### [What you need to do]
Go through the listing and copy each line that has the string "Picture" in it.
Exercise inputs section start
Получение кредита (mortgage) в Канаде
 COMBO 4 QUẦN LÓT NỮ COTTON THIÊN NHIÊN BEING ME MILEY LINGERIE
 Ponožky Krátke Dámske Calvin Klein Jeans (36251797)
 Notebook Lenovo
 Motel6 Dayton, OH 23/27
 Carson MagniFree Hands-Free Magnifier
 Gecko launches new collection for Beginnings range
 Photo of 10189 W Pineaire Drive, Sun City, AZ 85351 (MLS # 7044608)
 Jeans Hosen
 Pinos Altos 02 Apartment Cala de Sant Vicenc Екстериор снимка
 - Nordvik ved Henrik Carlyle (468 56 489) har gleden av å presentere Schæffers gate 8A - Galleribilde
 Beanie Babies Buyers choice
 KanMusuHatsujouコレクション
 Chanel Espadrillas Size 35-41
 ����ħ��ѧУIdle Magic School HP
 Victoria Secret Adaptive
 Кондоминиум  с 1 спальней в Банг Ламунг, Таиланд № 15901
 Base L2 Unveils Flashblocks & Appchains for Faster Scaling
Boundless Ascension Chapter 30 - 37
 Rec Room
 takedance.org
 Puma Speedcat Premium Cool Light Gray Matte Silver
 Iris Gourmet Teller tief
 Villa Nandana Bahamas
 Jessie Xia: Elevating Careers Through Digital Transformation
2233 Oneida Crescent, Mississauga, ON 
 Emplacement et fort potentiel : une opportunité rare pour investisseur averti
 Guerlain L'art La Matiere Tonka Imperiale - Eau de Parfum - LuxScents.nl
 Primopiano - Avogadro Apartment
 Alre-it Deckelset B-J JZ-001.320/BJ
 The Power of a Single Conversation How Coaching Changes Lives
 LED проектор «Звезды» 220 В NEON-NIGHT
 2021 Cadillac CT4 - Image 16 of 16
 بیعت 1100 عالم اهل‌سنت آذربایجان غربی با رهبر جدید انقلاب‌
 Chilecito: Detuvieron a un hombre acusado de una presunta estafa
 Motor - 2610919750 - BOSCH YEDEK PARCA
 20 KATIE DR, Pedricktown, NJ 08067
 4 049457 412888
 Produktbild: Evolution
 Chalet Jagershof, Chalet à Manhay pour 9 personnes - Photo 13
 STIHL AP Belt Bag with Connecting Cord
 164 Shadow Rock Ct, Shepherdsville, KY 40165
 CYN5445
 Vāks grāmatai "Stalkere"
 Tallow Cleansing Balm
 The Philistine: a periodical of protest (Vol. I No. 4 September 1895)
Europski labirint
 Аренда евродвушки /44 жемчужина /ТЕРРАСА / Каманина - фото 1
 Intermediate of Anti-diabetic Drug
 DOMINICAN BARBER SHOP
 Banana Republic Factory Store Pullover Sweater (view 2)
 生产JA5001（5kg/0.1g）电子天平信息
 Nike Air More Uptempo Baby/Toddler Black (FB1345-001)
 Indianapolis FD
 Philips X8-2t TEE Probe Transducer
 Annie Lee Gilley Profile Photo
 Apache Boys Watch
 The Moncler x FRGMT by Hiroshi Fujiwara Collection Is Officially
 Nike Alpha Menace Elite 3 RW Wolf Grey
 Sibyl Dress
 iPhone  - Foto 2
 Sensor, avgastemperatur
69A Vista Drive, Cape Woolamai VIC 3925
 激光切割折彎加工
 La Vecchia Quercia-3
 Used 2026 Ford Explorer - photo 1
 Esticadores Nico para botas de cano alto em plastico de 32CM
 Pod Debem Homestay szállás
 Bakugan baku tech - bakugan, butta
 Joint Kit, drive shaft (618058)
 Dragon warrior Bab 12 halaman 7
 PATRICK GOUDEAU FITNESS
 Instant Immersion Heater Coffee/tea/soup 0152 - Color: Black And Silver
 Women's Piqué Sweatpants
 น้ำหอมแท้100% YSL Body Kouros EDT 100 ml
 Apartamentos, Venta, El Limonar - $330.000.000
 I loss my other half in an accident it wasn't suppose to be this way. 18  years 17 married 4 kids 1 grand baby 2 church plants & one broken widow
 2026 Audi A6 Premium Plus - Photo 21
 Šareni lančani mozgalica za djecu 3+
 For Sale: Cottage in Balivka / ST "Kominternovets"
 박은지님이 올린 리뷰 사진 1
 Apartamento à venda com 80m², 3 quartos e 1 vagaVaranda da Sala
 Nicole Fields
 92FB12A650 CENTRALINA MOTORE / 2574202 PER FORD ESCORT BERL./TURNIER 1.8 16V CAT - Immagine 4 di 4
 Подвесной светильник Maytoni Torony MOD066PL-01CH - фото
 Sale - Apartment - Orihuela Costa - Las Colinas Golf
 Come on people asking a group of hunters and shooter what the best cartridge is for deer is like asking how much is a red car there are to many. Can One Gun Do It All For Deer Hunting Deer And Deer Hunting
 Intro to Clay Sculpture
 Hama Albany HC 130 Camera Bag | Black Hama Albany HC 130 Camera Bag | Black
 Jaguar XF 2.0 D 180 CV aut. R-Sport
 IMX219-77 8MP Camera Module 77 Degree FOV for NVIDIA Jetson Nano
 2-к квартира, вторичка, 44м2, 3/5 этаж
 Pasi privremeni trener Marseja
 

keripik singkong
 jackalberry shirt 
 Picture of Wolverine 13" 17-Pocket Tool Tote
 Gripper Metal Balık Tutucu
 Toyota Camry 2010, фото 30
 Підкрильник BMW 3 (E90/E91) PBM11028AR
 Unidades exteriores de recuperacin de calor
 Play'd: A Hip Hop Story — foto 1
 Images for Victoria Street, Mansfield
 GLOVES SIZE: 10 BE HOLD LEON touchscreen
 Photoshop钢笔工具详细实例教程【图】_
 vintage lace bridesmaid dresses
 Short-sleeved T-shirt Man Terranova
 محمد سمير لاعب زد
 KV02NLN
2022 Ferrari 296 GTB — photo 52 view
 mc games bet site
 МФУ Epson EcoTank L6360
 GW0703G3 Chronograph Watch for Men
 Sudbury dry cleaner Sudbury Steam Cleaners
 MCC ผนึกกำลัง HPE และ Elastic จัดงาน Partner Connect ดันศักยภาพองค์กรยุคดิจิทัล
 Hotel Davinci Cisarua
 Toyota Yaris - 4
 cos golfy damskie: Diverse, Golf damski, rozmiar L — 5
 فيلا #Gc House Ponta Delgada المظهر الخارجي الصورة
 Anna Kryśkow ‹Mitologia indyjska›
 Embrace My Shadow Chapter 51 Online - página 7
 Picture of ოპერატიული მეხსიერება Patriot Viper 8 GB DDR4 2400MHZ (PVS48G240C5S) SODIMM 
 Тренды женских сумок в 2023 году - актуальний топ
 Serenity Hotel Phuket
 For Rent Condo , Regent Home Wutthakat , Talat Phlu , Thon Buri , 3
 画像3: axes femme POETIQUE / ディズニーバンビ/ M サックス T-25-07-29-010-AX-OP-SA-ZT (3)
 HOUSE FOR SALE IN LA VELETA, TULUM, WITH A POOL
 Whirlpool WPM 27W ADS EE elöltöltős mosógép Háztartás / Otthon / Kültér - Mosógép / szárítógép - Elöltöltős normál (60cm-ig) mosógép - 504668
Exercise inputs section end
### [Result]
 Picture of Wolverine 13" 17-Pocket Tool Tote
 Picture of ოპერატიული მეხსიერება Patriot Viper 8 GB DDR4 2400MHZ (PVS48G240C5S) SODIMM 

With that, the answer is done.